# Puppy eliminating in crate during the day. Should I use training pads?



## arksun (Mar 31, 2008)

I am currently crating my puppy during the day when I am in class. My summer schedule only has me away at 4 hours max. On Tuesdays and Thursdays, I am only away for 1.5-2 hours. 

This is from a day in a log I keep daily:
Wakeup: 6:40am- Pee
6:50am: Eat/drink
7:20am: Pee/Poop
7:50am: Pee
8:30am: Pee
9:15am: Pee
9:20am: I leave for classes
~12:00pm: Peed and pooped in crate
1:45pm: I come home from class.
1:55pm: Pee
2:10pm: Eat/Drink
Etc...

I give her plenty of chance to eliminate before I leave my place. I know 4 hours is asking a lot for a 10 week old puppy to wait, but she sleeps through the night completely fine. I don't have any one to take her out while I am gone. 
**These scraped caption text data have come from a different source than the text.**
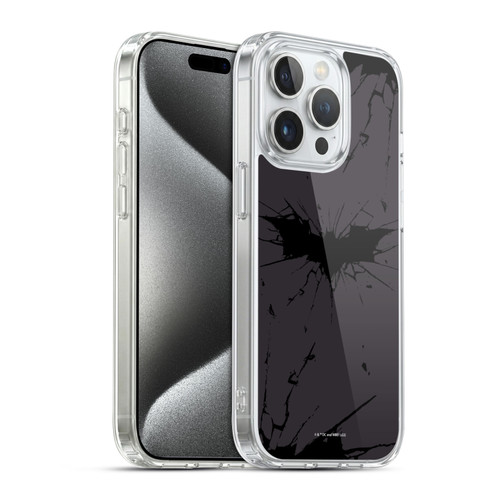 The Dark Knight Rises Logo Black Soft Gel Case for Apple iPhone 15 Pro & MagSafe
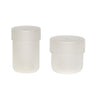 Pop Storage Jars Small (set of 2) - Frosted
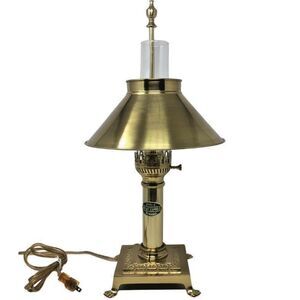 Orient Express Paris-Istanbul Solid Brass Table Lamp VTG NOS in Box FLAW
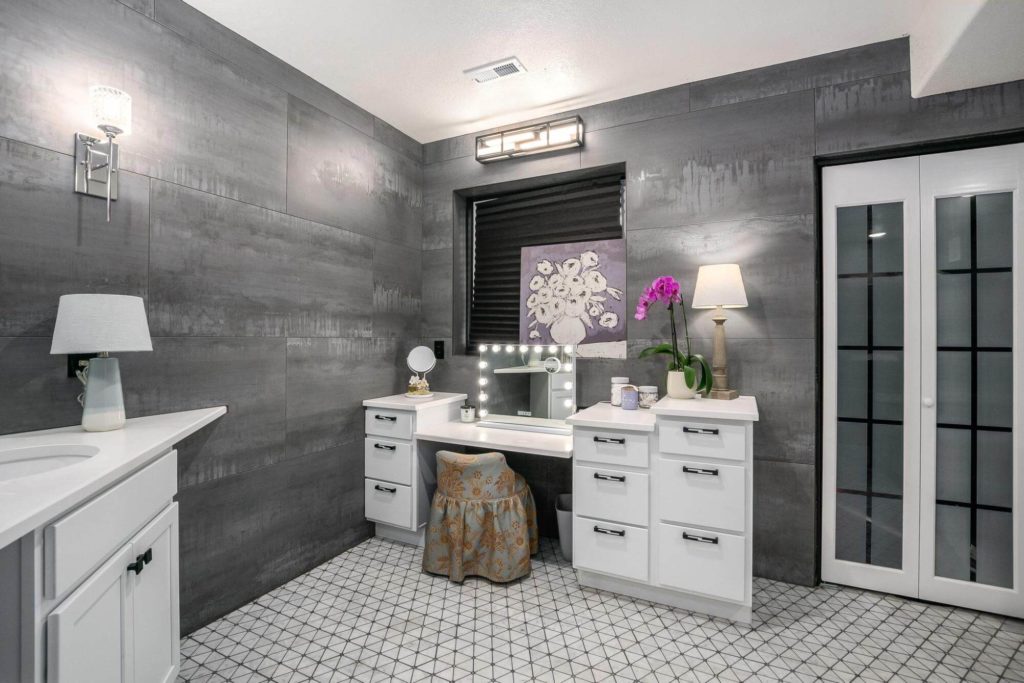 a modern bathroom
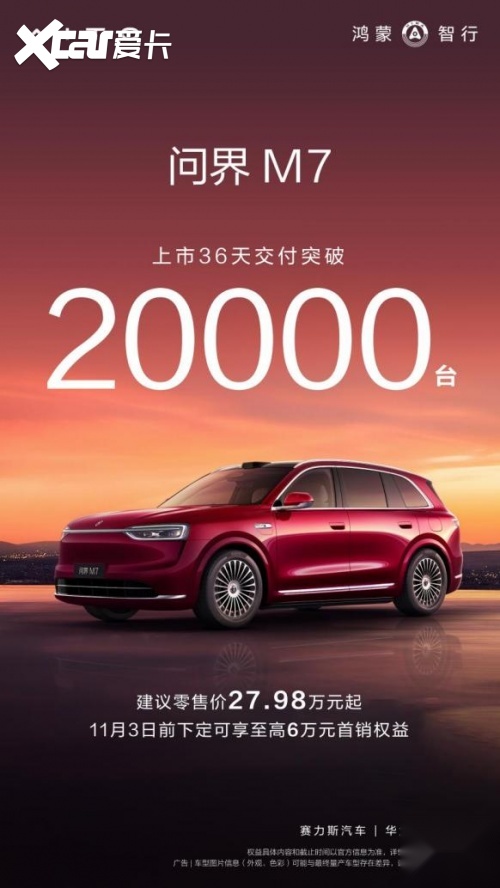 问界M7爆款启示录:热销不难,难在“热销即交付”与“交付即满意”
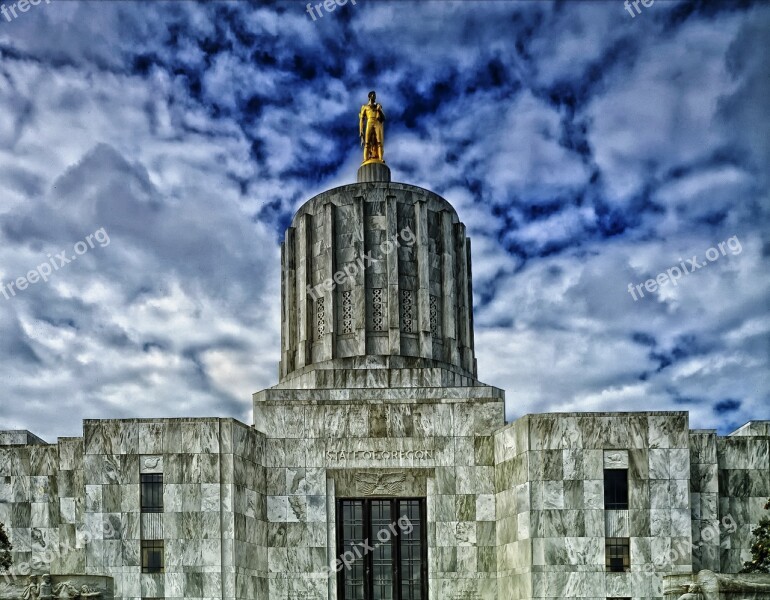 Salem Oregon Capitol Building Architecture Details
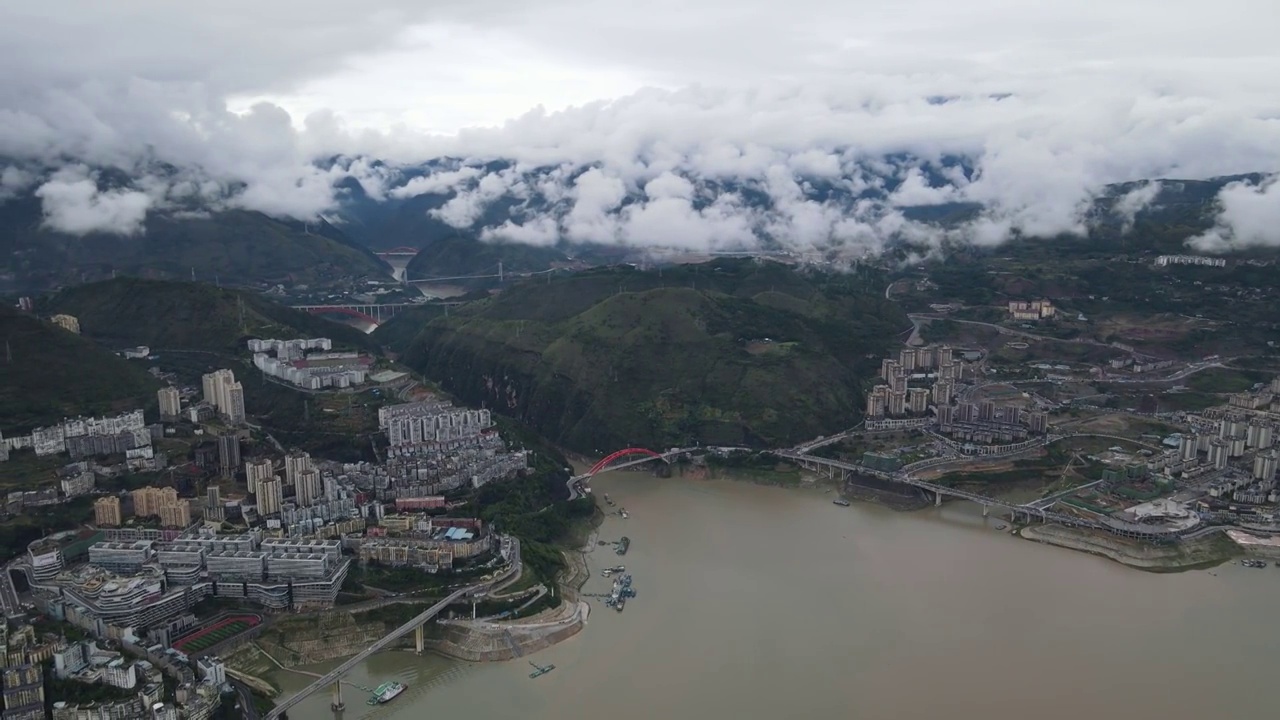 雨后的巫山美如画视频素材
She currently has an exercise pen set up (that she doesn't like to stay in really). Should I lay down training pads ONLY for the hours I am away from class? I really don't want to desensitize her eliminating in the crate. Yesterday, she peed and pooped in the crating and was CRYING and HOWLING when I came back. Today, she peed in her crate and she was asleep when I came home. Her crate is adjusted accordingly so she doesn't have too much room to walk around.

Also, yesterday, I left her in her crate for 1.5 hours while I had to run an errand and I came home to a mess. I made sure she had a walk and chances to eliminate before I left.

I think I can expect a mess when I leave her in the crate during the day. Would using training pads only once in the day be okay with her housetraining process?


----------



## PeppersPop (Apr 13, 2008)

I think that part of the problem is that you are taking the dog out ever 30 - 45 minutes and then all of the sudden expect her to hold if for several hours.

I think you ought to decrease the frequency you take her out, especially if you know she's got some control over her peeing/pooping. Your expectations about going to the bathroom should be the same whether you are there or not... if she isn't holding it for 4 hours while you are there, then she definitely isn't going to hold it for 4 hours while you aren't there.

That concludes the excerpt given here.